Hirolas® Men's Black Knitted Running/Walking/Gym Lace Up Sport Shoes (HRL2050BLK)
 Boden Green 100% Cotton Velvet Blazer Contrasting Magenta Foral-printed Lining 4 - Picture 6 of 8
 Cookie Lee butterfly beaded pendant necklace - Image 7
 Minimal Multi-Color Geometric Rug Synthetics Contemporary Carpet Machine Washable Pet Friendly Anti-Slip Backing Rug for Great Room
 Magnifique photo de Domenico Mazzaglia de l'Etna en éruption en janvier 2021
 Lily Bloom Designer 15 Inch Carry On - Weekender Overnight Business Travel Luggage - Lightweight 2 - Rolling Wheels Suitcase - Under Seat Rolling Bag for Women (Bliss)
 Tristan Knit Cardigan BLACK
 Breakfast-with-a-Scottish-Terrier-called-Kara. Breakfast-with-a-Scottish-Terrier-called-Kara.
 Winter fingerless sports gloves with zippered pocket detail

# [YOUR TASK]
Can you restate every record above word for word?

# [ANSWER AREA]
Hirolas® Men's Black Knitted Running/Walking/Gym Lace Up Sport Shoes (HRL2050BLK)
 Boden Green 100% Cotton Velvet Blazer Contrasting Magenta Foral-printed Lining 4 - Picture 6 of 8
 Cookie Lee butterfly beaded pendant necklace - Image 7
 Minimal Multi-Color Geometric Rug Synthetics Contemporary Carpet Machine Washable Pet Friendly Anti-Slip Backing Rug for Great Room
 Magnifique photo de Domenico Mazzaglia de l'Etna en éruption en janvier 2021
 Lily Bloom Designer 15 Inch Carry On - Weekender Overnight Business Travel Luggage - Lightweight 2 - Rolling Wheels Suitcase - Under Seat Rolling Bag for Women (Bliss)
 Tristan Knit Cardigan BLACK
 Breakfast-with-a-Scottish-Terrier-called-Kara. Breakfast-with-a-Scottish-Terrier-called-Kara.
 Winter fingerless sports gloves with zippered pocket detail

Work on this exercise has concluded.